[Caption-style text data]
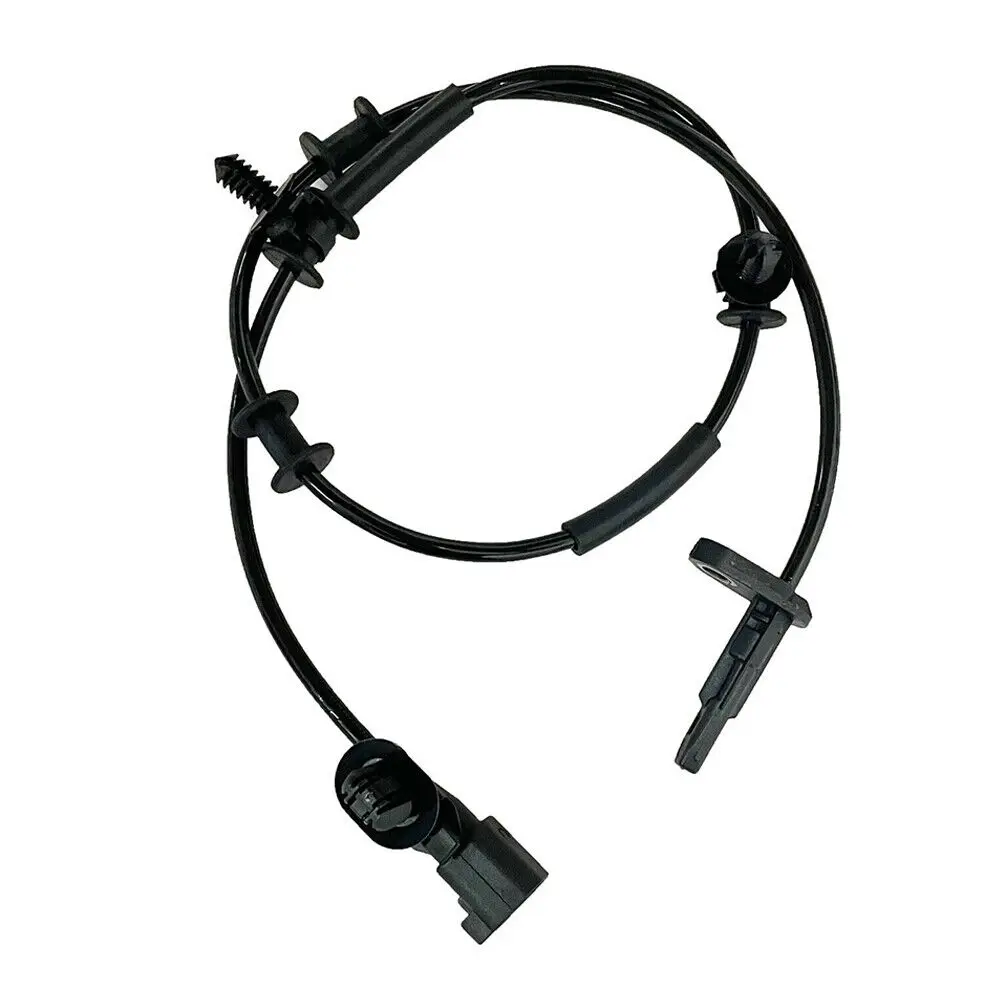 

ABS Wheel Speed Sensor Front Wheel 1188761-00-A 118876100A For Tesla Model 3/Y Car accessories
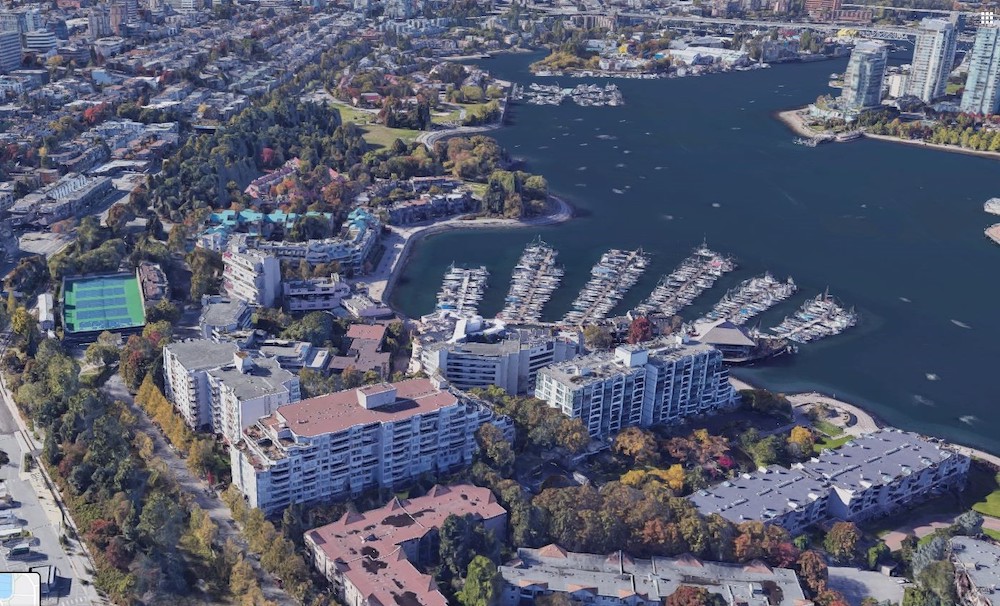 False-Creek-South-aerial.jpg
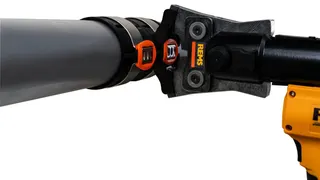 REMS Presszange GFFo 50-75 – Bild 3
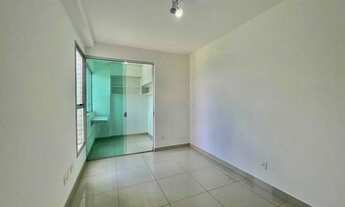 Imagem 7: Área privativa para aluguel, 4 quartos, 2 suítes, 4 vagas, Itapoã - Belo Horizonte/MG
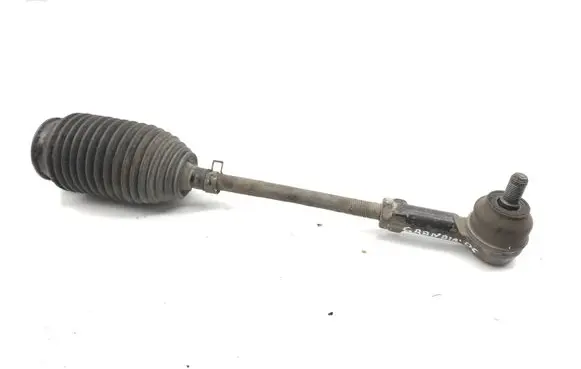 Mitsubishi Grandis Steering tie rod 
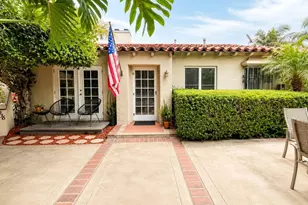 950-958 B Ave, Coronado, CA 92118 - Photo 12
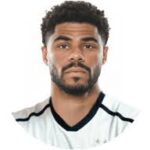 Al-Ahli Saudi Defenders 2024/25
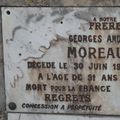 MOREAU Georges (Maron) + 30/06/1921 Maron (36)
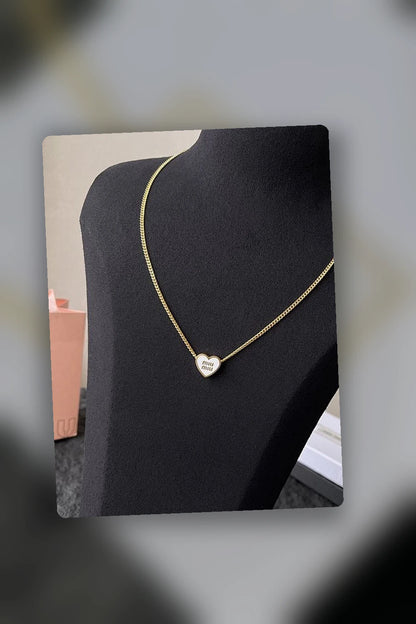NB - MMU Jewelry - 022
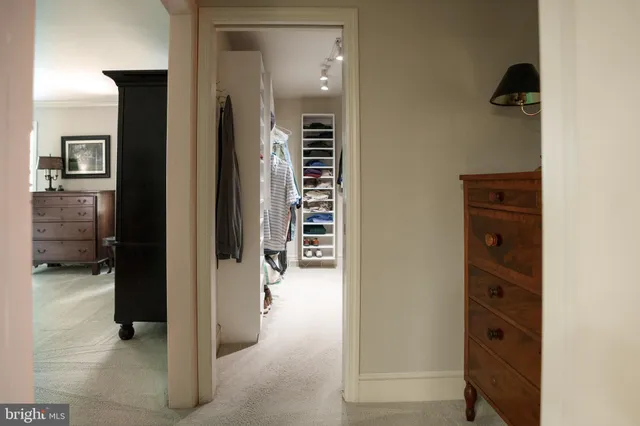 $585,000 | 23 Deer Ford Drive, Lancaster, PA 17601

**Required work:**
So that the copy stays exact, reproduce each record word for word and leave its images out.

**Answer section:**
ABS Wheel Speed Sensor Front Wheel 1188761-00-A 118876100A For Tesla Model 3/Y Car accessories
 False-Creek-South-aerial.jpg
 REMS Presszange GFFo 50-75 – Bild 3
 Imagem 7: Área privativa para aluguel, 4 quartos, 2 suítes, 4 vagas, Itapoã - Belo Horizonte/MG
 Mitsubishi Grandis Steering tie rod 
 950-958 B Ave, Coronado, CA 92118 - Photo 12
 Al-Ahli Saudi Defenders 2024/25
 MOREAU Georges (Maron) + 30/06/1921 Maron (36)
NB - MMU Jewelry - 022
 $585,000 | 23 Deer Ford Drive, Lancaster, PA 17601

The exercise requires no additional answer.